The Italian machine glided over the monsoon-abused roads with authority, thereby indicating Ducati’s focus on making the bike more conducive to road use. Braking hardware has also been improved with twin 320mm semi-floating discs being anchored by radially mounted Monobloc Brembo M4-32 callipers at front and 245mm single disc unit doing duty at rear. Braking performance is impressive with good bite and feel, while the Bosch 9MP ABS system helps the rider avoid sticky situations. The Monster 821 tips the scale at 205kg but the bike is easy to push while parking and also the low saddle height makes it better suited for shorter riders. But the wide turning radius is a bit disappointing for an otherwise well-packaged motorcycle.

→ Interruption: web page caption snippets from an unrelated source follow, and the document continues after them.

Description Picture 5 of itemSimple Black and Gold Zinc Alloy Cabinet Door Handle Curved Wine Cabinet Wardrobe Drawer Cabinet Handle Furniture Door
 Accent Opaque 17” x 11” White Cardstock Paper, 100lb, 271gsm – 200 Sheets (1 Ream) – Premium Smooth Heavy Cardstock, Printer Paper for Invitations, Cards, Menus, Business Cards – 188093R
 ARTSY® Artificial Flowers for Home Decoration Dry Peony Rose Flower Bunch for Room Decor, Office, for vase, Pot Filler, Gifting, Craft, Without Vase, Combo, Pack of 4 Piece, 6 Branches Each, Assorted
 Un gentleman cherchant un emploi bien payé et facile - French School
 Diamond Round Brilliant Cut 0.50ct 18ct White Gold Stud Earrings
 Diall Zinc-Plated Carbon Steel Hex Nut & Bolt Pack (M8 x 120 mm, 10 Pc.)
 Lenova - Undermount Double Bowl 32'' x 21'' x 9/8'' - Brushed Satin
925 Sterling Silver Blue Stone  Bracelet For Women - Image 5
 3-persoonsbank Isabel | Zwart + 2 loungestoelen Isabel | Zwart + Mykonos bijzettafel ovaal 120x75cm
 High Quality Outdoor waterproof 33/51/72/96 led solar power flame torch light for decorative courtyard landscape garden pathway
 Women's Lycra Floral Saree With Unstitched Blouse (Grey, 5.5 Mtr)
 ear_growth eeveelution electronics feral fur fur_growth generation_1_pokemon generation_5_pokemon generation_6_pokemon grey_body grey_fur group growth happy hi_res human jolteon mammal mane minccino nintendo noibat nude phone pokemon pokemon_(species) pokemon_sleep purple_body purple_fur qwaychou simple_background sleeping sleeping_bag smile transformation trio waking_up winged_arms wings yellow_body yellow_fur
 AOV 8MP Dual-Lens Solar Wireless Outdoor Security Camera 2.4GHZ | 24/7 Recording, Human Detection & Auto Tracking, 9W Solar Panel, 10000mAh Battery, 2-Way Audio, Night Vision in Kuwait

Being an Italian offering, the Monster 821 commands a premium over its rivals. The Ducati Monster 821 retails for around Rs 10.25 lakh, (ex-showroom, Delhi) which is honestly a lot of moolah for an 800cc naked bike. But then again, the Ducati Monster 821 isn’t any run-of-the mill streetbike but a successor to one of the most popular bikes globally. Yet, heritage isn’t what that makes the new motorcycle special -- the gorgeous styling, thunderous motor and impressive handling dynamics add up for a wonderful motorcycling experience.
The Monster 821, in my opinion, is also the most useable motorcycle from the Ducati family, be it your daily office commute, short ride to the café or the weekend rides with a pillion to nearby hotspots. I agree that the bike might feel a handful while taking U-turns and the engine heat can be annoying but these are minor problems. The electronic aids and the overall road-specific changes by Ducati engineers have made the new Monster 821 more rider-friendly. But despite the above, it still has a wild alter ego and I wouldn’t be surprised if it goes on to become among the highest selling models from the Italian maker in near future.